Além disso, a estratégia de Joe Biden para o Irã, procurando trazer o país de volta ao JCPOA, parece indicar que é possível que se abram certas concessões aos iranianos que não agradarão aos países árabes, na contramão da política de alianças com Israel que vinha sendo implementada por Trump.
As pressões do governo Joe Biden sobre os sauditas podem levá-los a buscar outros aliados, mesmo que eles não se afastem totalmente dos Estados Unidos. Segundo o semanário The Arab Weekly, fontes diplomáticas dos países árabes dizem que o governo Biden está cometendo os mesmos erros de Barack Obama, que acabaram levando os países Golfo a se aproximar da China e Rússia e a realizar acordos importantes com esses países.
É nesse contexto que ocorreu a visita de Sergei Lavrov, ministro das Relações Exteriores da Rússia, ao Oriente Médio, onde manteve encontros com o Ministro das Relações Exteriores e Cooperação Internacional dos Emirados Árabes Unidos, Abdullah bin Zayed bin Sultan Al Nahyan, em Abu Dhabi, o Ministro das Relações Exteriores da Arábia Saudita, Faisal bin Farhan Al Saud, em Riad e os Ministros das Relações Exteriores da Turquia, Mevlut Cavusoglu e do Catar, Mohammed bin Abdulrahman Al-Thani, em Doha.
A visita de Lavrov mostra que Moscou deverá explorar os erros de Washington nos campos diplomático, militar e econômico.

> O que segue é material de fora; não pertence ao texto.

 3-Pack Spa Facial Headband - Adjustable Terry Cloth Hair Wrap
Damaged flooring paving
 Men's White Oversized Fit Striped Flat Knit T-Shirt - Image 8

Embora os sauditas já contem com um sistema THAAD, ainda que de forma limitada, e algumas baterias Patriot, a negociação dos mísseis S-400 esteve entre os assuntos tratados.
A viagem traz duas mensagens imediatas: a primeira, que a Rússia se coloca como alternativa para o mundo árabe. E a segunda, que os países árabes, mostram aos americanos que sua condição de ricos produtores de petróleo lhes permite equilibrar relações com outras potências baseadas em interesses comuns.

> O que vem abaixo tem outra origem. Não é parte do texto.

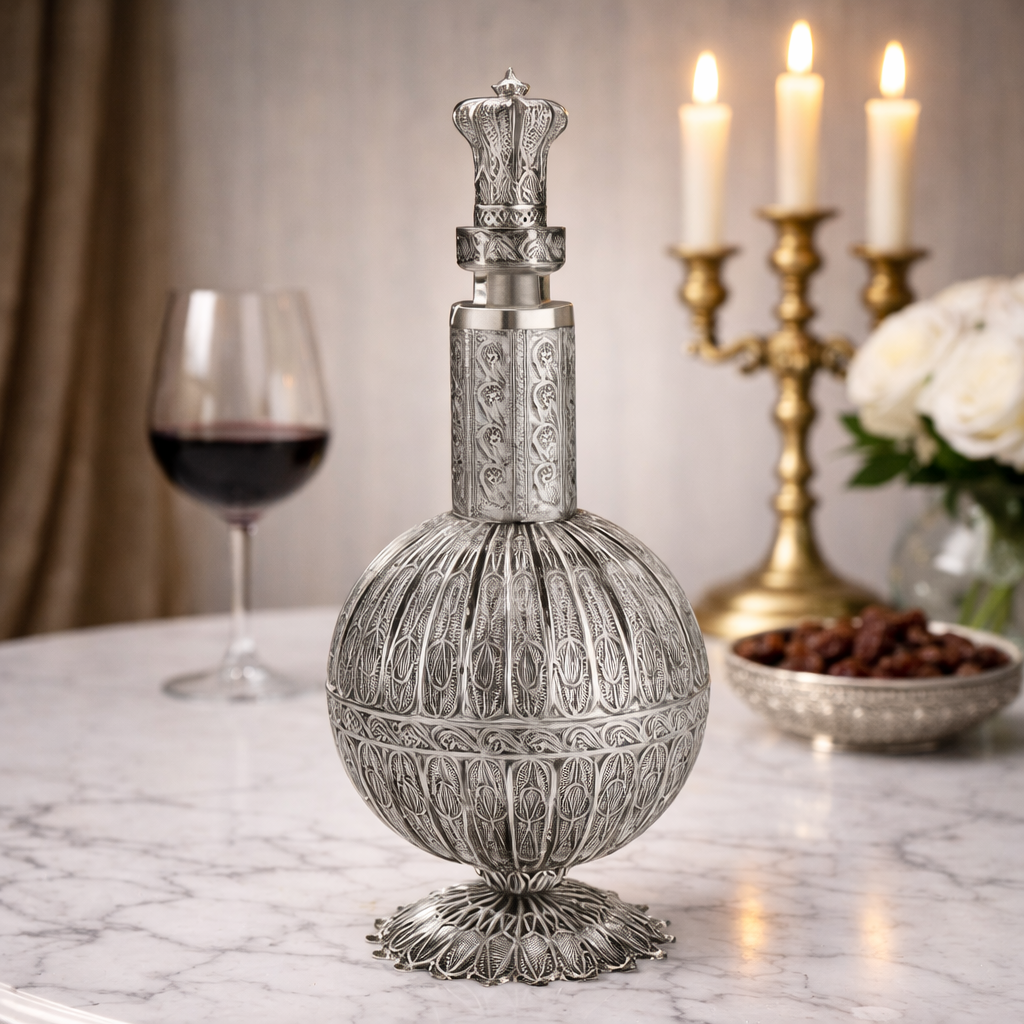 Elegant Silver Wine Bottle for Shabbat Table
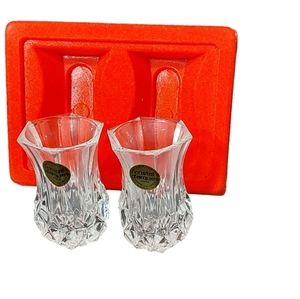 CRISTAL D'ARQUES FRANCE VIOLETTE SET OF 2 BUD‎ VASE
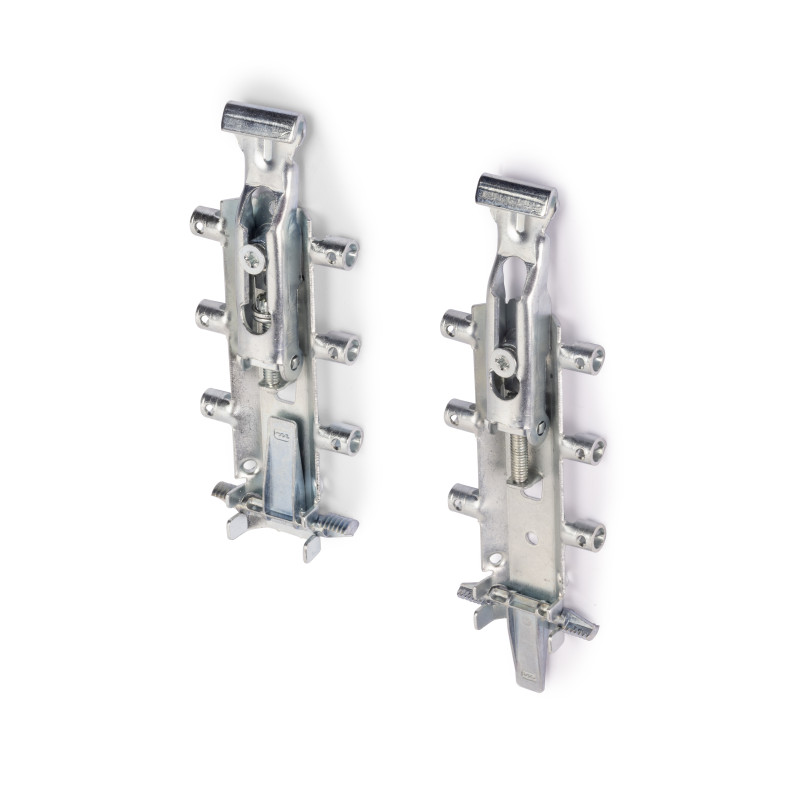Set di supporti per mensole in legno Shelf con forma triangolare, Acciaio, Verniciato bianco
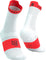 Compressport Pro Racing v4.0 Run High Socks - Unisex - White - Fluo Red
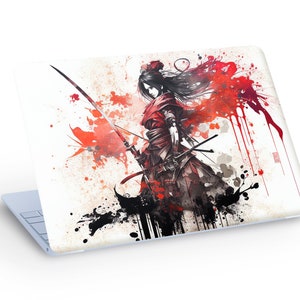 SAMURAI Woman LAPTOP SKIN Decal Sticker, Woman Warrior Macbook Skin, Red & Black Samurai Laptop Skin Decal - Custom Size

As conversas entre Moscou e Riad podem deixar o governo Biden em um dilema: ao manter uma estratégia que impede os sauditas de desempenhar um papel de forte liderança regional, arriscam perder negócios, investimentos e capacidade de influência para a Rússia.
Outra pauta das discussões foi a cooperação econômica. Mesmo com a pandemia, o comércio entre a Rússia e os árabes aumentou 78% no ano passado, atingindo US$ 3,27 bilhões. Foram discutidos projetos nas áreas de geração de energia, indústria, agricultura, infraestrutura e uso pacífico do espaço, além de aspectos relacionados à segurança na região.
James Dorsey, especialista em Oriente Médio da Universidade Nanyang de Singapura, disse que Lavrov está aproveitando a oportunidade que os EUA oferecem ao ignorar os principais líderes do Oriente Médio. Ele disse que o atraso de Biden em ligar para os principais líderes do Golfo indica que Washington está subestimando a importância do Oriente Médio.
Ao mesmo tempo, Riad vem realizando campanhas de relações públicas nos Estados Unidos na tentativa de influenciar a opinião pública, parceiros comerciais e congressistas para, através deles, pressionar o governo Biden a melhorar o relacionamento com o Reino.
É muito cedo para dizer se negociações com a Rússia frutificarão conforme os desejos de Moscou, ou o que os árabes farão em resposta às políticas de Biden. Por enquanto, os sauditas afirmam que “a parceria entre o Reino e os Estados Unidos é forte e duradoura”. Mas algumas mensagens estão sendo enviadas.
Como sempre Albert é lúcido.???????
Grande Vínio! Obrigado!
Eu acho que chamar o Biden de “Governo Biden” é gentileza. Esse partido dele vai forçar os EUA num caminho de pobreza que vai no sentido da Venezuela. Mas muito antes de concretizarem vão tomar uma bela rasteira. E vão ter que tentar reverter os erros que já começaram a cometer. Resta saber o tamanho e a capacidade de recuperar os prejuízos.
Pois é Wilton, eu penso que ele está metendo os pés pelas mãos, mas quem sou eu na fila do pão? Vamos acompanhar. Forte abraço!
A Rússia não vai deixar de ocupar o ” vácuo” deixado pelos Estados Unidos. Ainda mais com o $$$$$ e as necessidades dos Sauditas…
Albert, como a Rússia poderia apoiar o atual PR do Brasil, numa provável ruptura constitucional por parte do Executivo (porque a depender dos outros 2 poderes a corda já rompeu desde 2018).